Photos and videos on a menu item

A diner deciding between three pasta dishes scrolls past five lines of description and stops on the photo. The photo sells the dish; the missing photo loses the order. This page is for the people who set up that gallery — owners, marketing managers, chefs running a menu refresh — and explains where the pictures come from, how the system stores them, and why the same one photo ends up on three different screens at three different sizes.
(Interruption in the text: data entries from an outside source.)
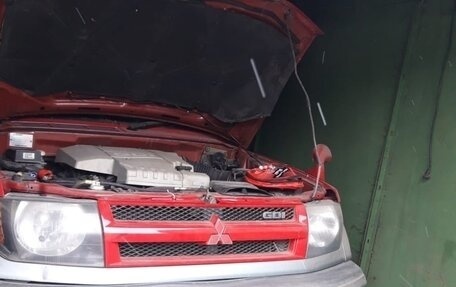 Mitsubishi Pajero III рестайлинг, 1998 год, 490 000 рублей, 10 фотография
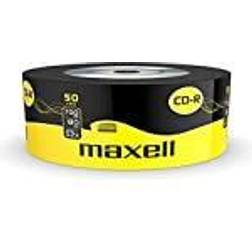 Maxell Maxcdrcb50shrink Cdr Shrink Wrap (50 Pack)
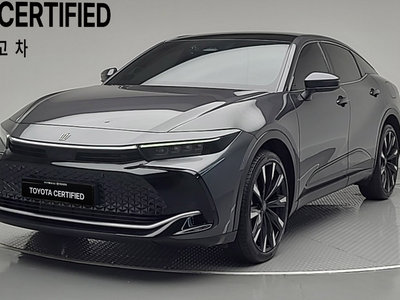 TOYOTA CROWN CROSSOVER - 1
This page is for two readers. If you’re the owner, “Why this page exists” is for you — start there. If you’re the chef, jump to “How to use it” and skim down.

Why this page exists

The photo on the dish is the most expensive piece of real estate on the menu. A bad photo doesn’t just look bad — it lowers the price the diner is willing to pay, drops the click-through on the social share, and leaves the AI menu assistant guessing at what the dish actually looks like. Every photo on every dish should be deliberate.
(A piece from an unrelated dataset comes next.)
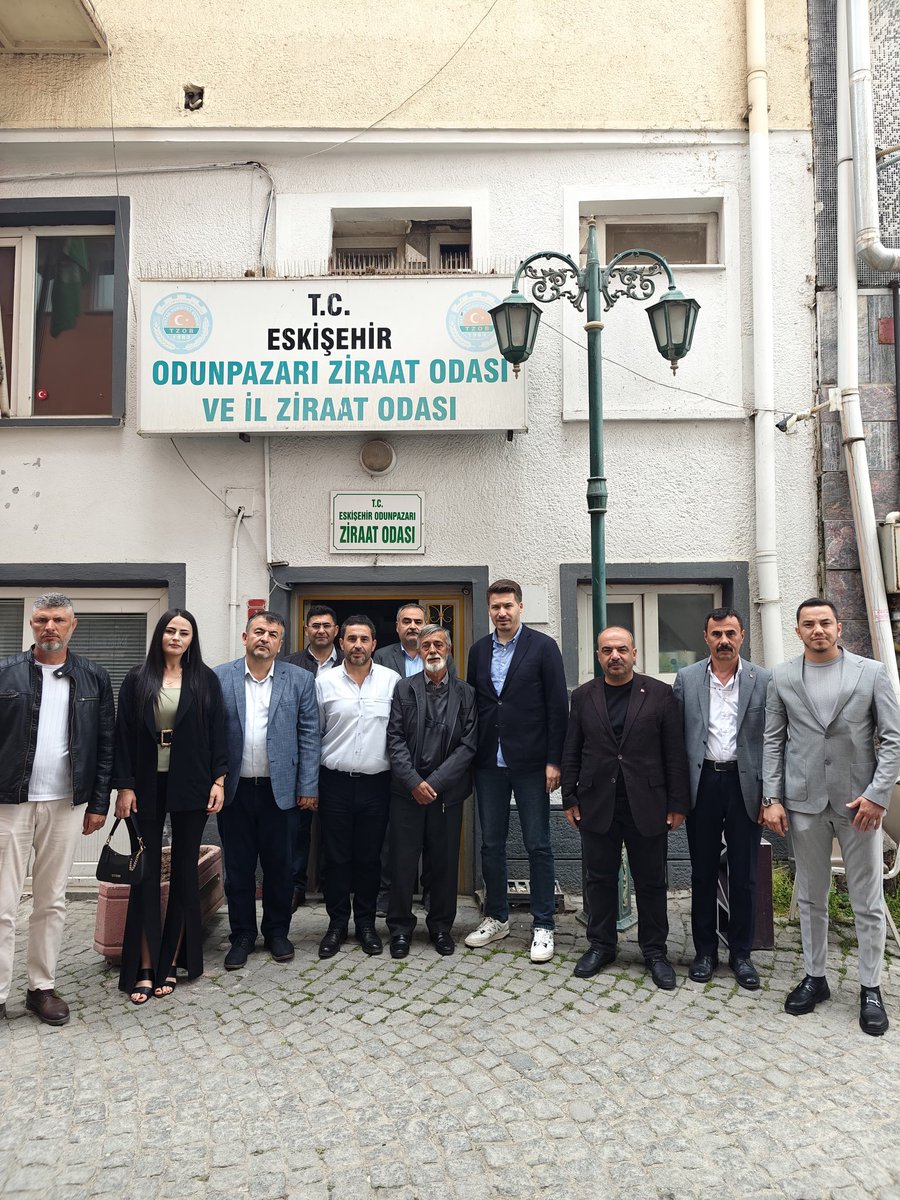 AK Odunpazarı tweet media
The other reason this page exists is consistency. A kitchen with thirty dishes and thirty photos taken on three different phones in three different lights is a kitchen whose menu feels random — even if every dish is excellent. The gallery is where that gets fixed: upload everything in one place, edit captions and alt text in one place, set the hero (the photo that lands on the card in the grid and on the social share) in one place. One photo lives once; the system renders it everywhere it needs to.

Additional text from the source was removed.